§ **WHAT IS EXPECTED**: Print the listing below exactly, images excluded.

§ **SUPPLIED MATERIAL**:
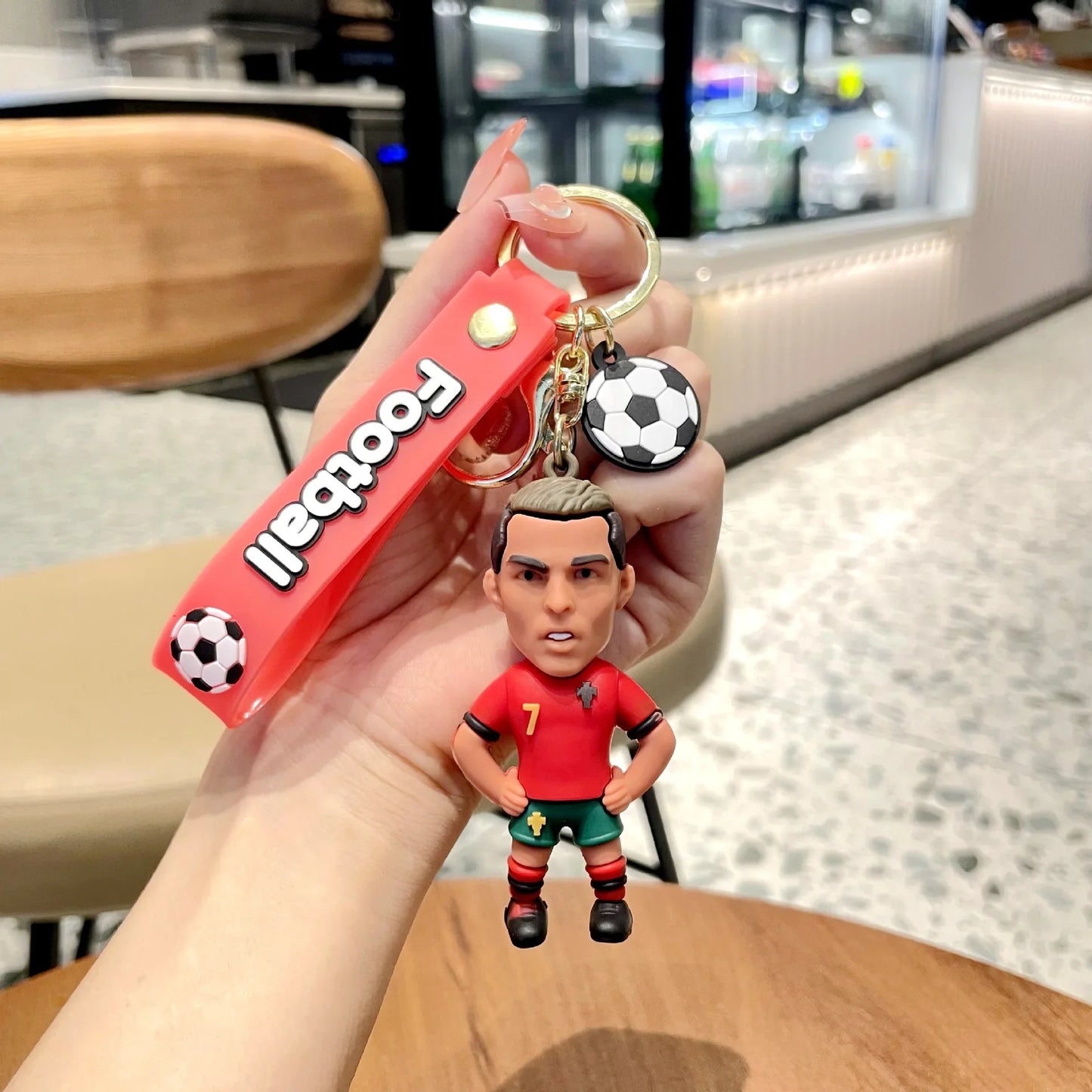 Football Star Ronaldo Figure Keychain Jewelry Bag Pendent Keyring Collection Doll Car Ornaments Key Accessories Souvenirs Gifts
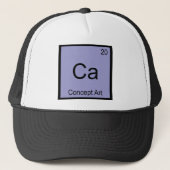 Ca - Concept Kunst Grappige Scheikunde Element Sym Trucker Pet (Voorkant)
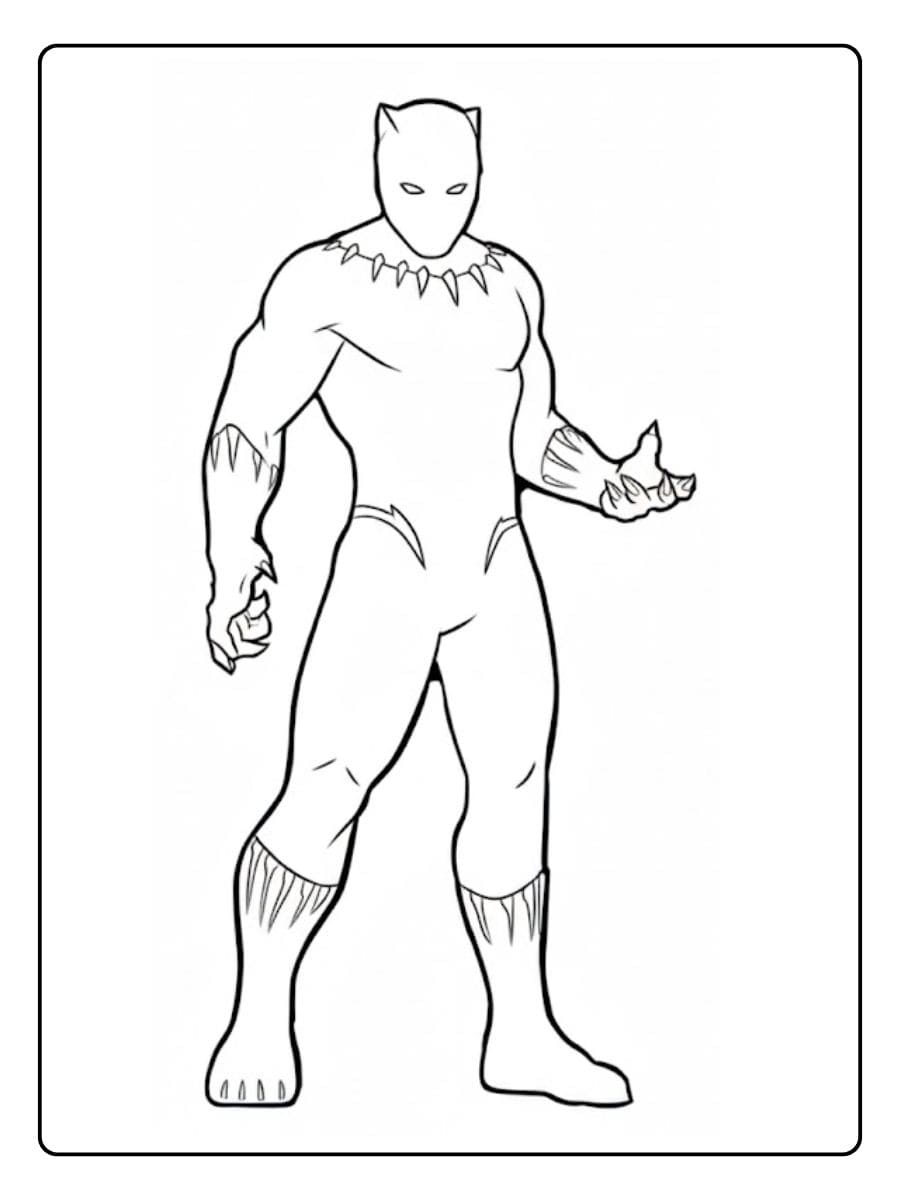 Minimalist Black Panther Outline Free Coloring Pages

§ **ANSWER FOR THE TASK**:
 Football Star Ronaldo Figure Keychain Jewelry Bag Pendent Keyring Collection Doll Car Ornaments Key Accessories Souvenirs Gifts
 Ca - Concept Kunst Grappige Scheikunde Element Sym Trucker Pet (Voorkant)
 Minimalist Black Panther Outline Free Coloring Pages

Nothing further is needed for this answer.